Activists and politicians have branded such efforts as “passing the harasser,” assuming that any employee who leaves a college while under investigation must be guilty. The latest effort to remove the presumption of innocence from accused faculty is taking place in Washington state.
The Seattle Times reports that a lawmaker has drafted a bill that would force faculty to disclose “substantiated findings of sexual misconduct” when they apply for other college jobs. (“Substantiated” could mean nothing more than a “single investigator” believes it’s more likely than not that an accused instructor is guilty – the exact situation in Campusland.)
But it goes even further. They would also have to disclose “ongoing investigations” against them – efforts that may drag on for years, involving multiple appeals or the filing of new accusations when the accused faculty beat the initial charges (Laura Kipnis, for example).
In addition, accused faculty would have to let their previous colleges “disclose related [personnel] information” to their intended new institutions. College officials would be forced to ask previous employers about any alleged sexual misconduct by applicants, and share such information when contacted for a reference check – “even if not specifically asked,” according to the Times, which obtained a copy of the draft.

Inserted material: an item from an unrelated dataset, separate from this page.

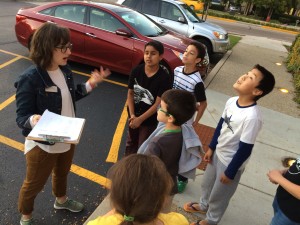 Discussing what we know about the planets on our journey.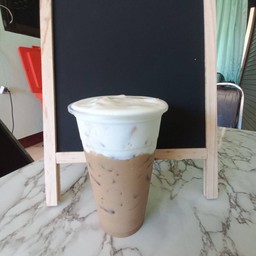 กาแฟครีมชีส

It doesn’t mention whether accused faculty are allowed to share exculpatory evidence or troubling practices from disciplinary proceedings, which are themselves invariably covered by nondisclosure agreements.

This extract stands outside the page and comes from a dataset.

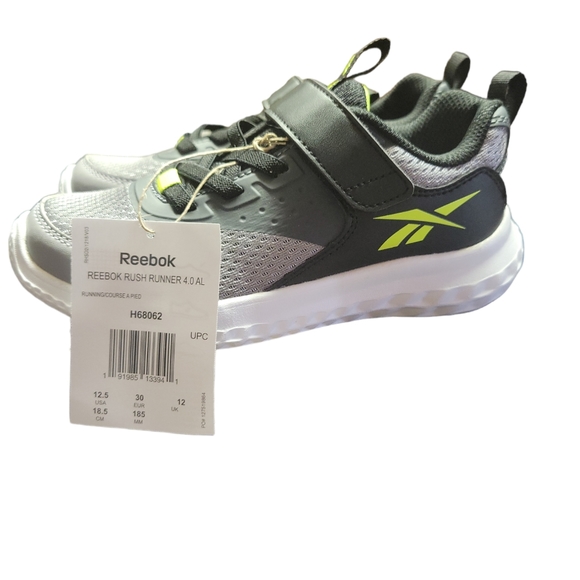 Reebok rush runner kids running shoes - Picture 4 of 5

What’s amazing about this drafted bill, which has yet to be filed, is that it was written by a professor: Rep. Gerry Pollet, who teaches public health at the University of Washington.
The Democrat has worked with the state’s public colleges on the language, essentially aiding administrators who are looking for legal ways to get rid of faculty who may be under investigation for spurious reasons:
Pollet said college presidents have expressed a desire to end the practice commonly referred to as “passing the harasser,” but that they’ve felt sharing that type of information was legally risky in the past. He hopes to make colleges’ responsibilities and legal protections clear in the law.
The bill is intended to protect against “the abuse of power between a faculty or staff member and a student” and does not affect student-on-student claims, in the interest of making legislation easier to pass, Pollet said.
The lawmaker’s contempt for accused individuals and groups is not new. Pollet also threatened Washington State University if it didn’t derecognize its College Republicans chapter over the group’s unpopular political speech. (WSU’s president refused to be bullied.)
In line with widespread college practices that provide fewer procedural protections for those accused of sexual misconduct, Pollet’s draft does not address non-sexual misconduct among employees. It would also not remove any options for accusers, such as confidential settlements with colleges.
Other schools that have adopted similar policies include the University of Wisconsin System and University of California-Davis, according to the Times.
If you’re a taxpayer concerned about this trend of erasing the presumption of innocence – in California, Wisconsin, Washington or anywhere else – consider sending your state lawmakers copies of Campusland.